>>>>

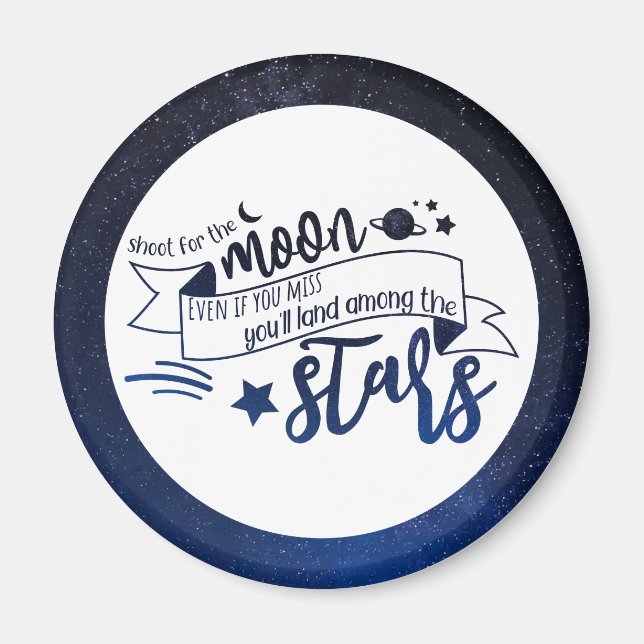 Moon Magnet (Vorne)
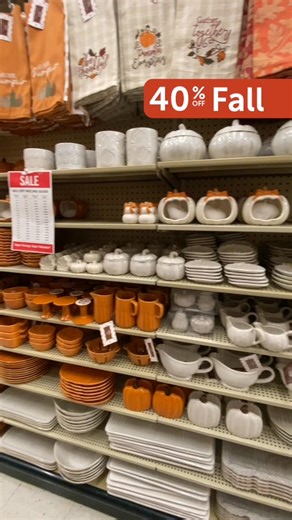 17K views · 27 reactions | Select fall spotted at your local Hobby Lobby®. Save 40% off select fall! | Hobby Lobby | Facebook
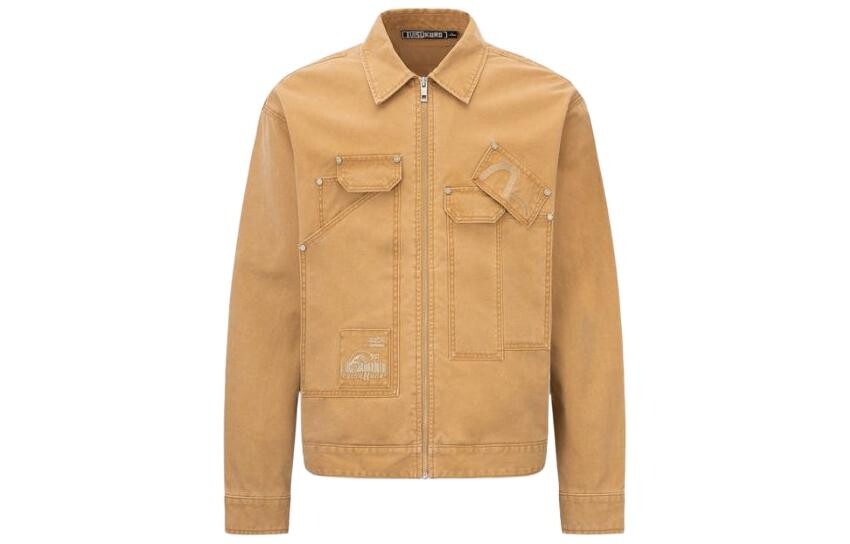 

Куртка мужская верблюжья Evisu, коричневый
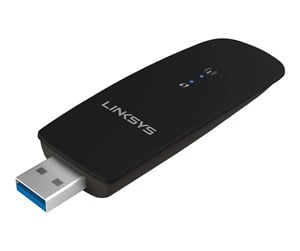 Nettverksadapter - Linksys WUSB6300 AC Wi-Fi USB Adapter - WUSB6300-EJ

<<<<

* Instructions for the task
Could you please return each line of the material exactly, dropping the pictures?

* Written reply
 Moon Magnet (Vorne)
 17K views · 27 reactions | Select fall spotted at your local Hobby Lobby®. Save 40% off select fall! | Hobby Lobby | Facebook

Куртка мужская верблюжья Evisu, коричневый
 Nettverksadapter - Linksys WUSB6300 AC Wi-Fi USB Adapter - WUSB6300-EJ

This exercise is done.